My partner and I have been discussing a number of seminars that we can offer our clients.  We want to provide an overall financial package that includes everything, from buying your first home, to planning retirement.  One problem we've noticed that throw most people off track is debt.  The one basic problem for most home owners is that there is not enough coming in each month, and too much is going out of pocket.  Therefore the need to use credit is over whelming, and as national numbers prove, the problem isn't getting any better.

The other night I was listening to Dave Ramsey on the radio.  The guy seems pretty common sense, plus he has an awesome radio voice. Anyway, I kept hearing his callers talk about the Debt-snowball.  I figured it was some type of debt payoff program, and after pulling it up on wikiepedia ( debt snowball )

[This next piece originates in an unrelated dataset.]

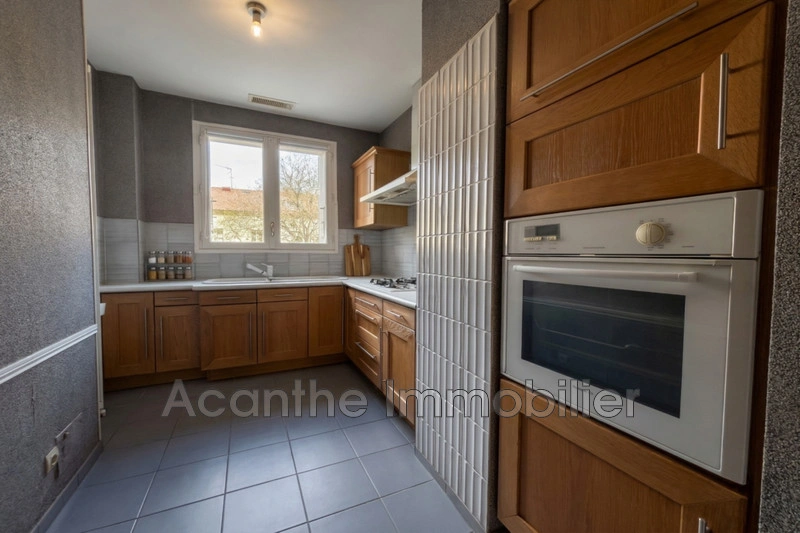 Apartamento con terraza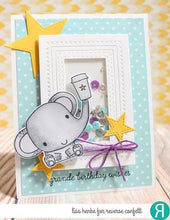 Cargar imagen en el visor de la galería, ALL FRAMED UP CONFETTI CUTS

Basically you take all your debts, from the smallest balance to the greatest balance.  You then commit to make the minimum payment on each of the debts.  You then take any extra money that you normally would put down on your car or home, and apply that to the smallest balance.  The theory works because as you pay off each balance, the minimum payments roll to the next balance, and the money that you use to pay down the debts begins to snowball.

Their are a few disadvantages to this program.  The biggest is that Ramsey suggests you forestall your retirement plans by two years.  In other words, you need to stop funding any retirement accounts and makes sure those extra payments are going towards the bills. You can make up the lost time after two years, because then you can put allot more into your retirement accounts at that point because you have zero debt.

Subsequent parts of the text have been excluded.